Sunday, 17 January 2010
Queen Elizabethand I have both suffered from bad years. This last year beats all for me but luckily I have tucked myself away in the depths of Tuscany to lick my wounds and so not many have noticed.
I really cannot remember how the year 2009 began but I do know that I was enjoying my vegetable garden and my greenhouse in the early months. Planting early veg and flower seeds and then in April taking my usual ride at Paolo's stables on my wonderful Salty, then suddenly one day I lay in the open riding school eating gravel on the floor with Lamu curled beside me licking my face but otherwise unable to get help.
This must have been the first time I paid attention to detail in my life!! I think I have always thought every day was a rehearsal for what I would do when I grew up!! That day was the first day I felt I was facing my own mortality.

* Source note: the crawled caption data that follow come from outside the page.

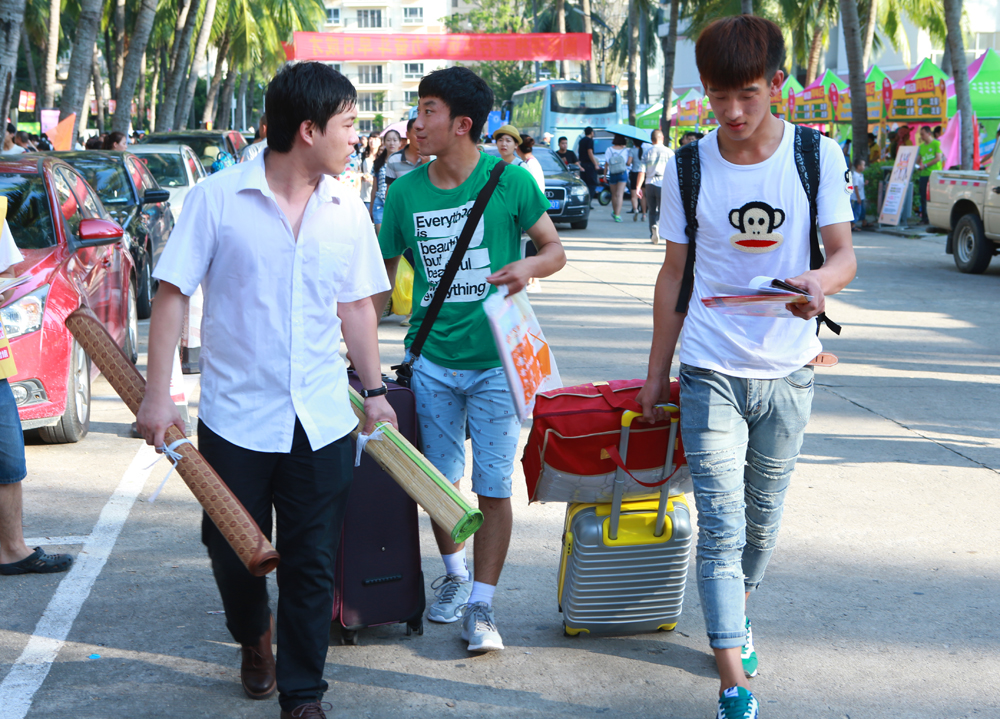 喜纳八方学子 共绘美好未来――我校2014年迎新工作顺利开展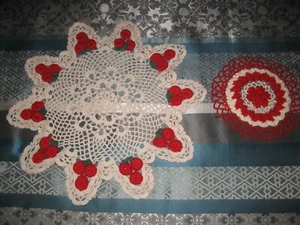 2 Doilies, 2 Pretty Doilies........Use together for best look/see pic - Picture 1 of 3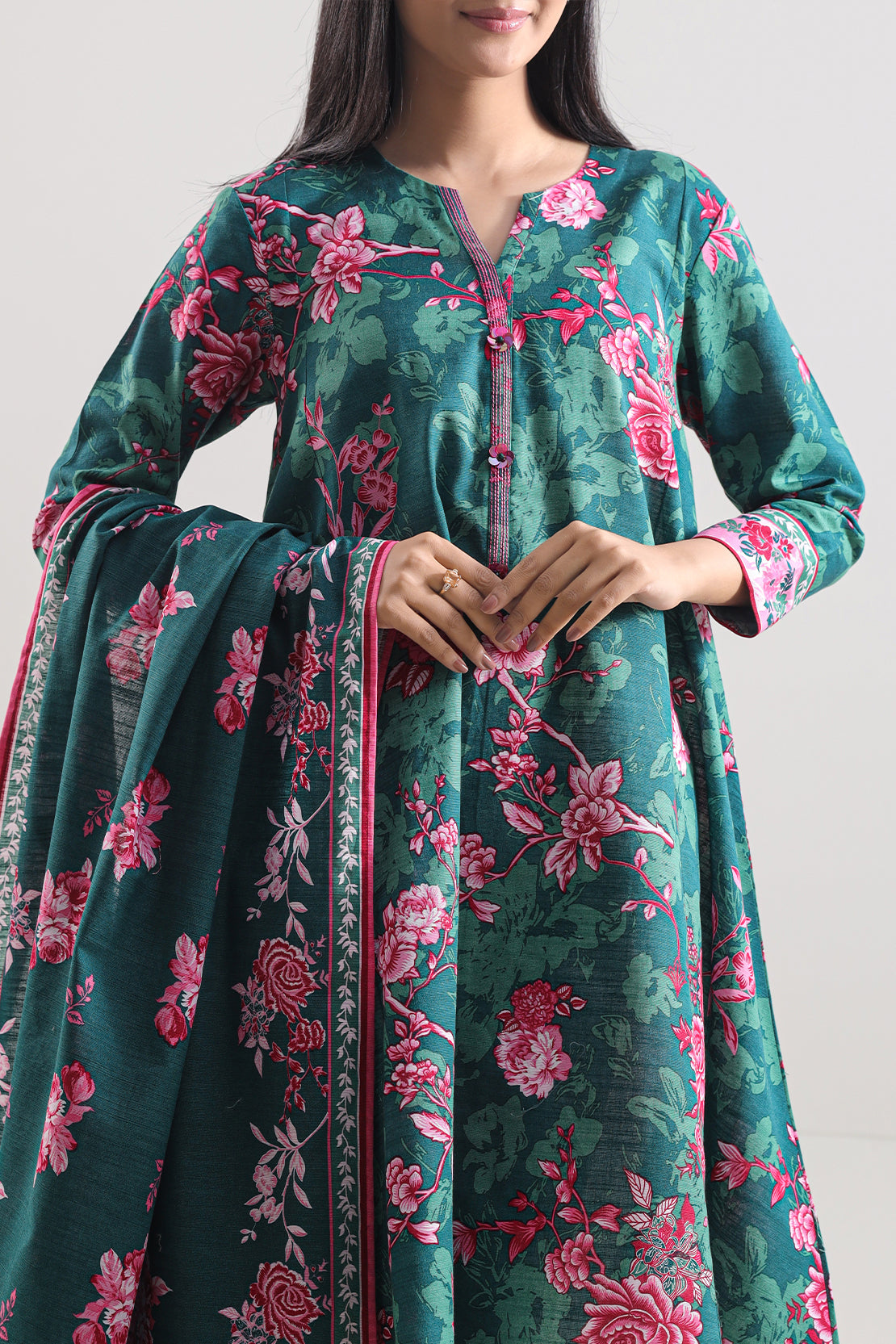 Green Subtle Print Lawn 3-Piece 3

I have never felt the necessity to read any instruction manual for a new piece of electronic equipment or something necessitating construction, I always knew how to work it out for myself. I suppose this is how I have also viewed life, I could always work it out for myself.
That day, I have no recollection of how I landed up on the floor eating dirt, or why my dog was whimpering by my side, or why Salty was looking down on me, reins dangling, I just knew I hurt and life had opened the door marked "Looser" which had for 66 years read "Survivor".
Childhood problems I had none but from the age of 21 when I married a highly intelligent, successful actor, my life took on a drama that would be worthy of any stage in the land.
I intend to write this when I can no longer race cars, (early), throw myself off horses (recent) or garden.